If Uber were to support the agency of its drivers, it would treat these drivers as adults capable of setting their own goals, and making their own schedules and decisions. It would do everything in its power to help these drivers make a real living.

While Uber claims to treat its drivers as independent contractors free to make their own choices, the truth is more complicated. Because Uber makes its money by squeezing every last cent out of the drivers, all of its driver support technology is designed to press drivers to work past their limits.

Uber’s tools, including “the rating system, performance targets and policies, algorithmic surge pricing, and insistent messaging and behavioural nudges, are part of the ‘choice architecture’ of Uber’s system,” according to a Harvard Business Review article. The tools encourage drivers to drive to locations where, and when, the company can maximize its own revenue, even though these locations and times won’t necessarily earn the drivers a living hourly wage.

If Uber supported drivers’ agencies, it would give drivers tools to help them set and meet their own individual driving and earning goals. These tools would let drivers plan their own work shifts to maximize their hourly wages. Uber would reward drivers financially when they stayed within speed limits, or met safe driving targets, or were especially kind and helpful to riders.

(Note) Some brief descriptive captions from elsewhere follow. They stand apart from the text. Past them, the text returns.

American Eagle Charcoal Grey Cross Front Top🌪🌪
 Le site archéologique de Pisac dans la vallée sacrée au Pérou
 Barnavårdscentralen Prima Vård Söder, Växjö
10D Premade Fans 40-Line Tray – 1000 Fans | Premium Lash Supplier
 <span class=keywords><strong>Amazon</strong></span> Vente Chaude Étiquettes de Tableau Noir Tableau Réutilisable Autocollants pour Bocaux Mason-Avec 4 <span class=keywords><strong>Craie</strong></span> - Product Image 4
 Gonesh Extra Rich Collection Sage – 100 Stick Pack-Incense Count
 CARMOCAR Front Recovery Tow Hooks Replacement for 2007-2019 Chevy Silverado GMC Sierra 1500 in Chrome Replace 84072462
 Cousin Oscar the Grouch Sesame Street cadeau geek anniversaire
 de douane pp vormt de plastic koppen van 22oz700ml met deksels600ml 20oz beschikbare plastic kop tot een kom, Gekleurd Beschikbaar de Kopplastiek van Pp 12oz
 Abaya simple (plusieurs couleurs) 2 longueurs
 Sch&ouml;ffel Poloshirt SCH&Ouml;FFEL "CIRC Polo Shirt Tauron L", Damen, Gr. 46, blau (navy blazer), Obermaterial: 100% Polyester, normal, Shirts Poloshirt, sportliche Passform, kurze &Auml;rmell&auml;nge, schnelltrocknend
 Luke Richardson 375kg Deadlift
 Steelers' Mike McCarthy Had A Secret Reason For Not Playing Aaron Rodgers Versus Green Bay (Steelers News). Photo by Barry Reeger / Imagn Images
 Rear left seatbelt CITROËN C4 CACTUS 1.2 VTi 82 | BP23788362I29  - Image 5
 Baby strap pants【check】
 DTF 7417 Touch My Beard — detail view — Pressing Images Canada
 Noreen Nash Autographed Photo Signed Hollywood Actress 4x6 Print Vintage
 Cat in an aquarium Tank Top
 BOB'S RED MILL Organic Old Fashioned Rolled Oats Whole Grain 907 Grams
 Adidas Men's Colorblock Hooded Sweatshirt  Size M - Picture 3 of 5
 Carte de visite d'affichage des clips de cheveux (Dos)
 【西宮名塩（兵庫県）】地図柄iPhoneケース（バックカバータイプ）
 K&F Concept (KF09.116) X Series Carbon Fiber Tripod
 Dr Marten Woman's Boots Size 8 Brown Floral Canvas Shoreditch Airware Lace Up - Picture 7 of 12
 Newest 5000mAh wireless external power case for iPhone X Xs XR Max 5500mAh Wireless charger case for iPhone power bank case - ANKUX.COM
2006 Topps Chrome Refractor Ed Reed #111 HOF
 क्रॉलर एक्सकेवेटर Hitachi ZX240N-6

2. Recognize and support the whole humanness of riders

Beyond having drivers who are agents in charge of their work days, a feminist Uber would also support the whole humanness of both drivers and riders. Whole humanness refers to the physicality, emotionality, and diversity of human beings. When we acknowledge the whole humanness of customers, we create products that serve their immediate functional needs in ways that are emotionally supportive, cognitively streamlined, and physically comfortable. As well, its serves the needs of every kind of human being, not discriminating based on gender, race, spirituality, age, physical ability, or any other human feature.

Think about the limited and shallow way that Uber imagines its riders. If you look at the way the Uber app is designed, the most important thing to a customer is how far away their car is and how long they have to wait. As if that’s all that matters. Constant updates (Five minutes away! Two minutes away!) focus our attention on swiftness and make us anxious about extra seconds whizzing by while we wait. Meanwhile, the app directs our attention away from other human needs, such as the safety of our driver, other drivers, and our own.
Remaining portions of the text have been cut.